Can You Drink Coffee While Doing Intermittent Fasting?

Plenty of people don’t seem to have a hard time with the idea of not eating when they’re doing intermittent fasting—the trendy diet in which you eat only during certain time-restricted windows. Popular variations of intermittent fasting include the 16:8 fast (eat all your meals in an 8-hour time period daily) and the 5:2 fast (fast for two days each week, eat normally the other days).

Sounds simple enough—which is part of the appeal—but questions inevitably arise about what technically constitutes a fast: Can I have water? (Absolutely.) Protein? (No.) Twinkies? (It’s a fast, okay?).

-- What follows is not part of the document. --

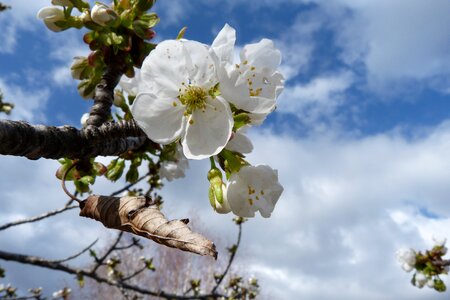 Macro spring blossomed photo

But what about—gasp, twitch, shudder—can I have coffee while doing intermittent fasting? Surely you can have a cup of Joe without breaking your fast…c-can’t you?

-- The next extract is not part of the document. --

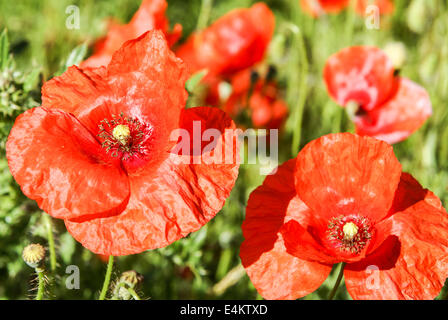 Rote Mohnblumen. Fotografiert in den Pyrenäen, Spanien Stockfoto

Relax: “There’s no caloric load in black coffee,” says Angelo Poli, ISSN, creator of the MetPro training and nutrition app. “So it doesn’t break your fast.”

“If you’re fasting to purify the body, or as part of a religious practice, then coffee might not be allowed,” says Poli. “But it won’t stop you from losing weight.”

It should go without saying—though for fasters who are looking for a loophole, it often doesn’t—that sweeteners like sugar and honey, dairy products like milk and cream, and other delicious treats that coffee-drinkers often add to their daily cups do have calories, and are therefore officially verboten when you’re fasting.

The effect isn’t huge—at most you’re talking about a hundred calories or so—but if you’re trying to burn as much fat as possible, that little bit will set you back a little. More importantly, part of the challenge—and thus, the reward—of fasting is to practice discipline and overcome habits, at least for a limited time. So if you’re serious about getting your fast on—and there’s no reason to do it if you aren’t—it’s OK to keep that morning coffee black.